Crypto news

18.06.2026
08:36

On-chain Data Analysis: Key Balance Top-Up Metrics Indicate a Shift in Market Sentiment

During my daily monitoring of blockchain activity, I recorded a significant change in the balance replenishment patterns of large wallets. Data obtained from analyzing network transactions shows a steady increase in the volume of incoming transfers to cold wallets and accumulation addresses. This is a classic signal that in the past preceded periods of consolidation or trend reversal.

Particular attention is drawn to the increase in the average transaction size. While small and medium transfers, typical of retail traders, previously dominated, we are now seeing a predominance of large amounts, indicating activity by institutional players or whales. They are not just moving funds between exchanges but withdrawing them to cold storage.

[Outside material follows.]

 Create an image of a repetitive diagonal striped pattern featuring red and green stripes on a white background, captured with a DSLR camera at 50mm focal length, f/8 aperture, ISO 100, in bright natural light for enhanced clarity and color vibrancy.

This points to a long-term accumulation strategy rather than preparation for an immediate sale.

Key metrics I am tracking:

  • Increase in the number of unique addresses with a balance exceeding 1000 coins.
  • Decrease in the volume of funds on exchange hot wallets.
  • Increase in the average coin holding time (HODL waves).

Such balance replenishment dynamics are traditionally interpreted as a bullish signal. When large holders remove liquidity from the market, selling pressure decreases. This creates conditions for price stabilization and subsequent growth. However, I would advise against jumping to conclusions. It is necessary to monitor whether this trend persists for at least the next 48-72 hours to rule out one-off technical transfers.

Expert comment from Cryptalist: In my opinion, the current balance replenishment pattern is one of the most reliable indicators among all on-chain metrics. Ignoring it now would be a strategic mistake. The market is preparing for the next phase, and those who closely monitor the movement of whale funds gain an advantage.